A warm, but not hot, ordinary Sunday in July. A day embroidered in clear heavenly blue, and angels all dressed in white and dancing, each to her own rhythm, across the sky in unknown directions. It may have been a dream, but I don’t think so. Is there such a thing as a perfect day?
All my life I’ve loved everything about airplanes and flying. When I was young, I often thought about getting a pilot’s license. But, you know, one thing or another… the car needed fixing, the house needed air conditioning, the kids needed school clothes, time for a vacation…
When I look back on all the should’ve, could’ve, and would’ve’s in my life – and there are a lot of them – one of my biggest is that I never got a pilot’s license.
When I was in my thirties, a business associate of mine, invited me to fly with him in his Piper Comanche – a bold, twin-engine prop plane that was sleek and beautiful from its silver cowlings to the tips of its majestic white tail. I will always remember that day because it was the first time I ever flew an airplane. It was only a 35-minute flight, and I only flew the plane after takeoff… I didn’t fly it during takeoff or landing, but I still flew that plane.
I can remember the business associate – commenting on my first attempt at flying an airplane, saying I was “heavy-handed”. Just the slightest touch on the steering wheel – or yoke as pilots say – and the aircraft responds. You don’t have to wrestle the controls. It took me a while to get the feel of the plane. At first, the plane lurched up and down and from side to side as I yanked at the yoke, turning it side to side and pushing it in and out. After being gently admonished, I realized that the slightest movement, right or left or in and out was all it took… the planes respond best to a gentle touch.
Thought that was decades ago, I never forgot that day.
It is a special day when you realize a dream, even if it was just a few wispy delicious fragments of it. And that day, with all its tiny pieces of a much more grandiose dream, has lived in my memory since.

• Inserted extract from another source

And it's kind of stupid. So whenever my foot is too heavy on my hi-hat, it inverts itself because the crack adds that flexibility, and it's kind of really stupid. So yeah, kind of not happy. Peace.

So, you can imagine my surprise when my youngest son gave me a bigger slice of that dream… a one-hour, honest-to-goodness flying lesson with a licensed flight instructor, who turned out to be an exceptionally enthusiastic and friendly guy named Jake.
It was the greatest Father’s Day gift ever! I never received a slice of a dream as a gift before.

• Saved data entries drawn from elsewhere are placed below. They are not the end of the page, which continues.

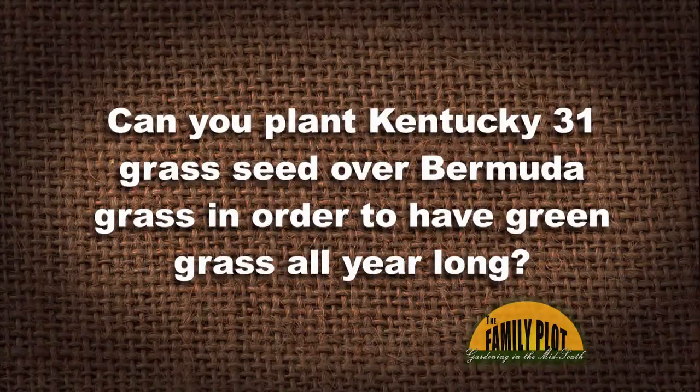Can you plant Kentucky 31 grass seed over Bermuda grass in order to have green grass all year long? This question is from Mr. Jim, and we just happened to have our lawn guy here. So Booker, can you plant Kentucky 31 grass?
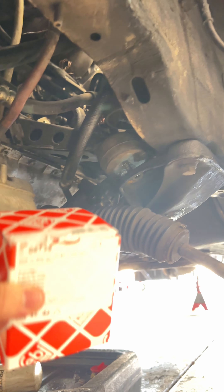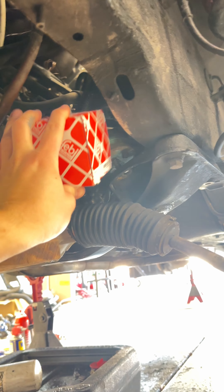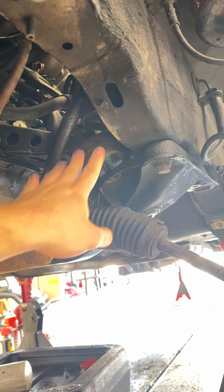Oh, motor mount. Now if I could just magically put these here.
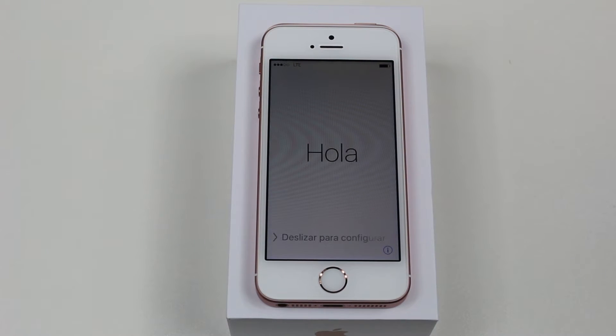Hey guys, Wayne here from HTUTech videos. Today I want to show you how to set up the new iPhone 5 SE.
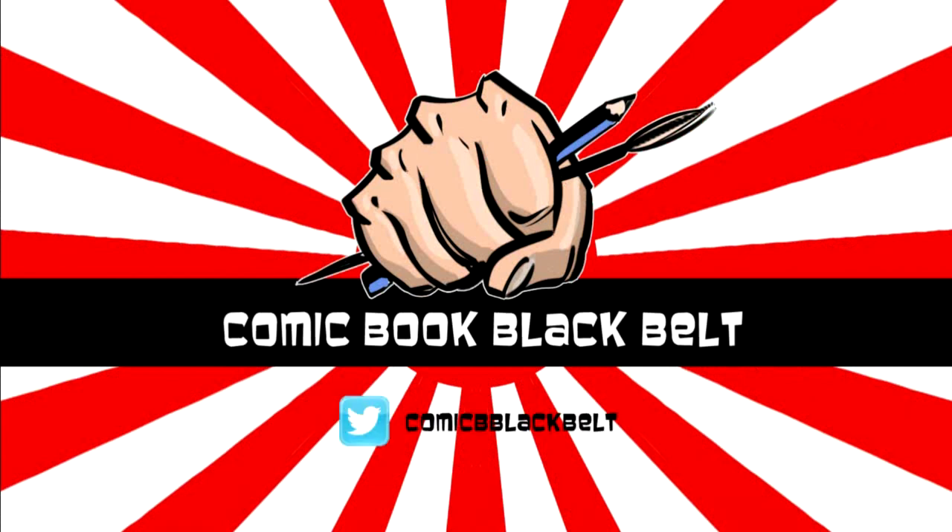Thanks for watching Comic Book Black Belt. If you've enjoyed the content from this video, please like, share or subscribe, and come over and follow me on Twitter. It's been great having you in the dojo — see you again soon.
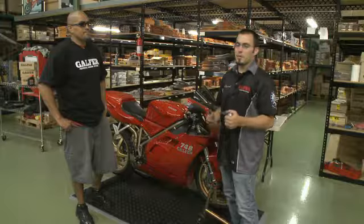Hi, my name is Robert and I'm Aaron and we're with Galfer Braking Systems. Right now we're going to show you how to change pads — removing the caliper, taking the old pads out, and we're going to throw a new set of pads in and reinstall the calipers.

This past Sunday, on one of the most beautiful summer days so far this year, I met my son at a small regional airport. The flying lesson was scheduled for 10:30 AM, but when I’m about to live in an hour of a life-long dream, I wasn’t about to be late. I got there at 10. My son pulled up at 10:20 AM.
And we entered the airport together.
By this time, my old eyes were vigorously scanning the tarmac just outside the window trying to guess which plane would be the one to carry me into the sky… and into a dream.
We met Jake, the instructor, in an airport office and he went over a few technical things. He showed us the maintenance log. It was filled with a couple of dozen entries. This plane was not new, it had some character!
Jake told us that every hundred flight hours the oil is changed.
Let me tell you… my old carcass was anxious, so I was only half-listening as I peered out the window still trying to guess which plane was “mine”.
As distracted as I was, I got the idea though: They tear the plane apart and rebuild it after so many thousand flying hours. The plane’s log was full of scheduled maintenance items. I would have hated to have my dream go up in a flash because of an ill-maintained aircraft. Jake said the FAA required periodic maintenance for the plane to be declared airworthy. Hooray for the FAA!
I was inching closer to my dream. The doors leading to the tarmac and all those glistening planes opened wide and we walked out onto the tarmac into a splendid summer sun. A few steps later, I was looking at the vessel that would be carrying my lifelong dream, or a least a piece of it, to new heights… literally. A Cessna 172.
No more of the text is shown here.